■ **WHAT TO DO**
For the data below, retype word for word the lines from the one containing "ROUX Gabriel Johannes, le" through the one containing "Vintage Estate Sterling"; drop the pictures.

■ **RECORDS TO USE**
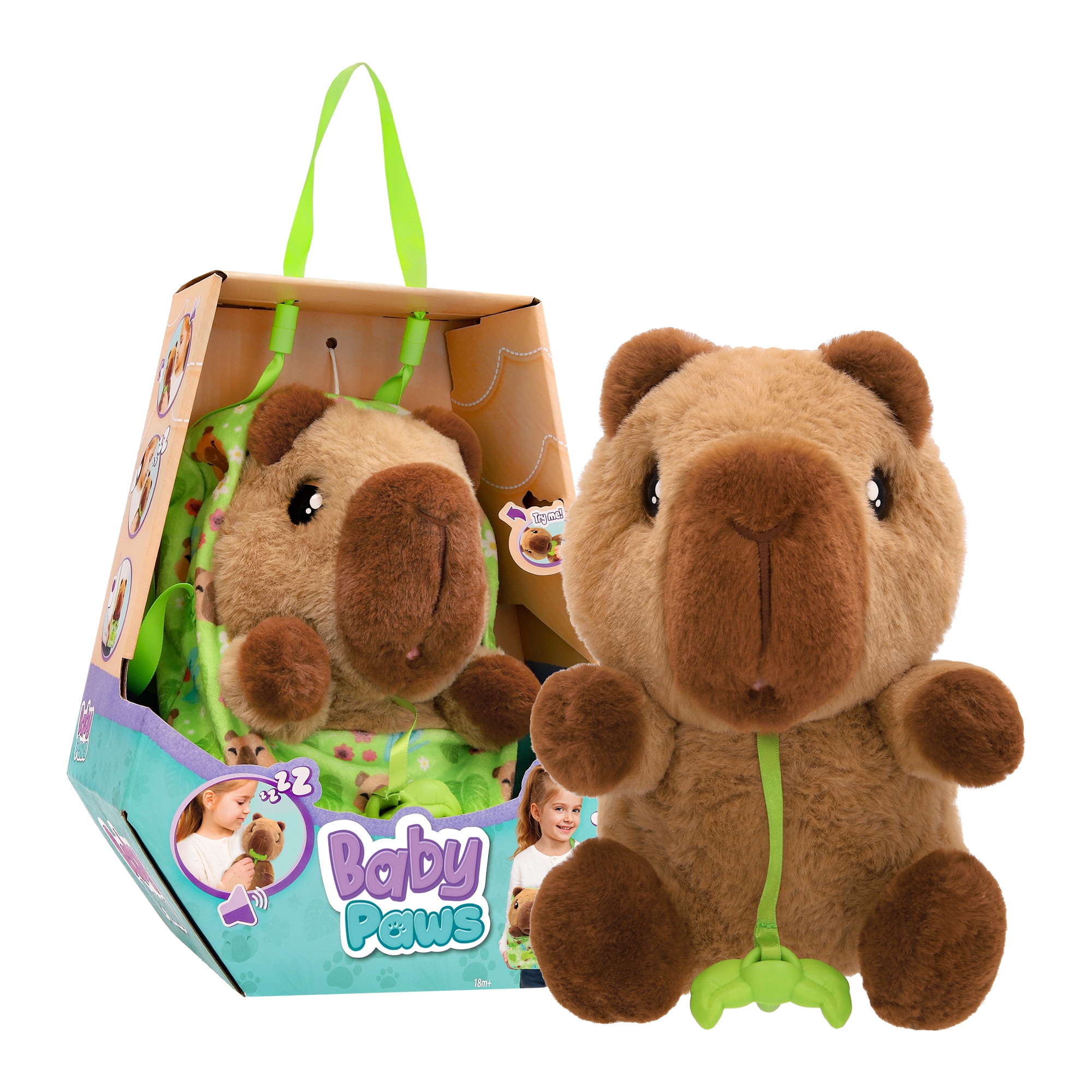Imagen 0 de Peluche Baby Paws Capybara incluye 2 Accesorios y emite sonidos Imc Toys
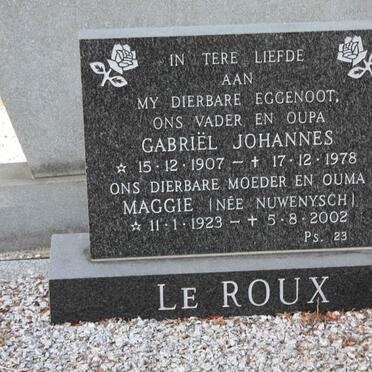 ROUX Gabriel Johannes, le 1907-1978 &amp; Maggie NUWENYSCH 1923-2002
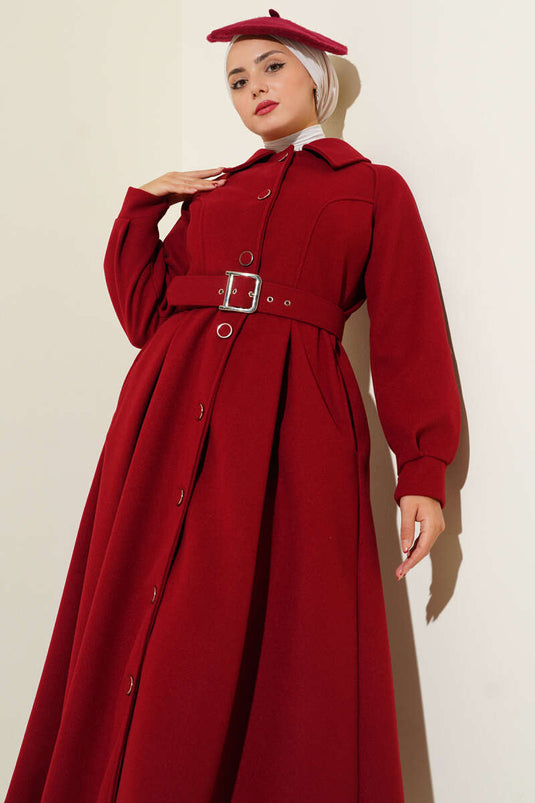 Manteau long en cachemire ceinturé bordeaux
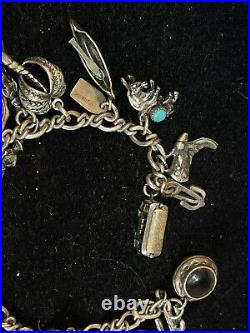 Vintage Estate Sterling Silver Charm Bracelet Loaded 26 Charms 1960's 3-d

...

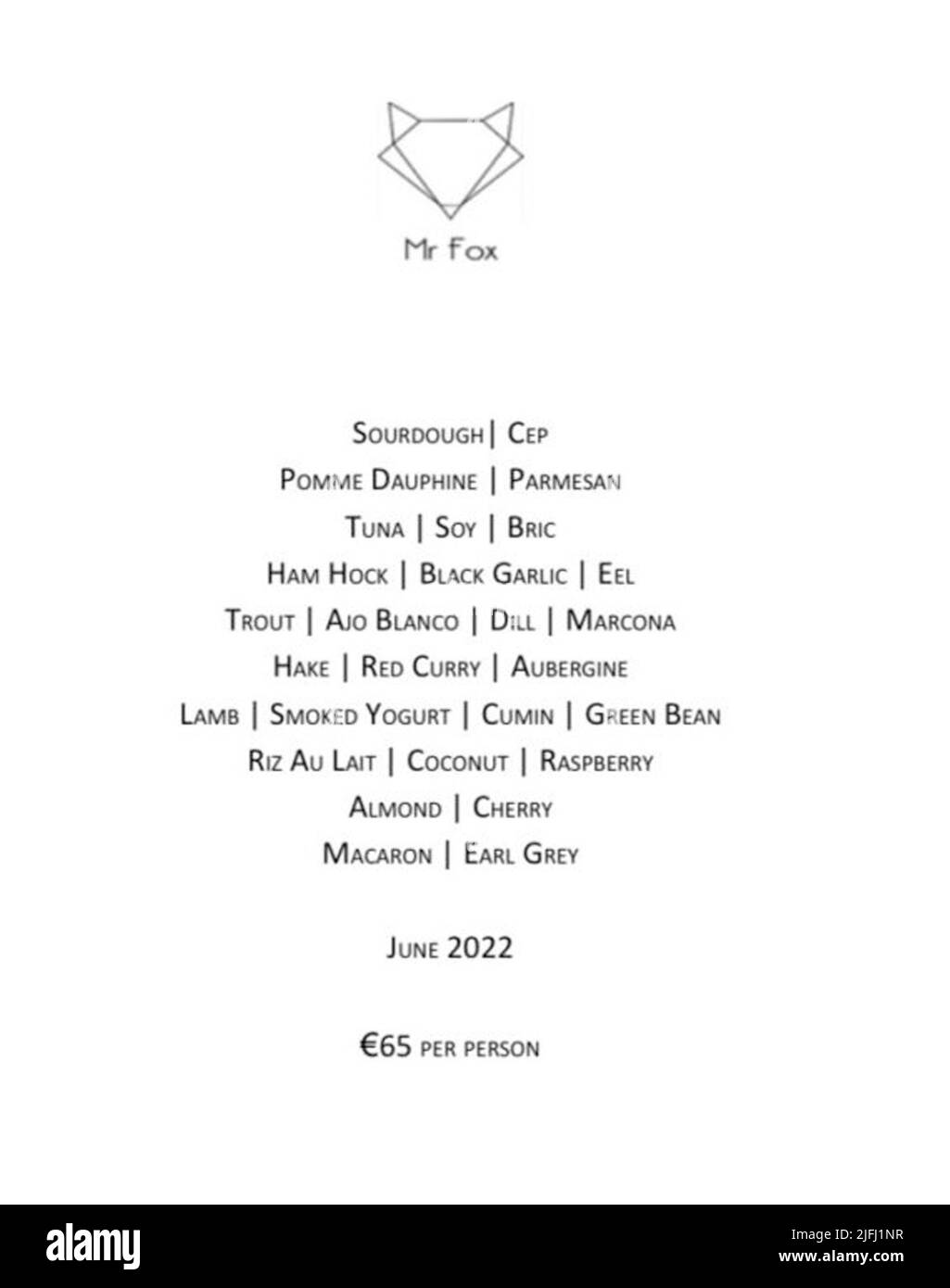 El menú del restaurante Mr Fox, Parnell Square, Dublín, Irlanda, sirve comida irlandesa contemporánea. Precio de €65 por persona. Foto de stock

* * *

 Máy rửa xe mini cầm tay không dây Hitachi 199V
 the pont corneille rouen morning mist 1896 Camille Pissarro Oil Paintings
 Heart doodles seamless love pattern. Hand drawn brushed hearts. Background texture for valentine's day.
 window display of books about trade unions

■ **COMPLETED EXERCISE**
 ROUX Gabriel Johannes, le 1907-1978 &amp; Maggie NUWENYSCH 1923-2002
 Manteau long en cachemire ceinturé bordeaux
 Vintage Estate Sterling Silver Charm Bracelet Loaded 26 Charms 1960's 3-d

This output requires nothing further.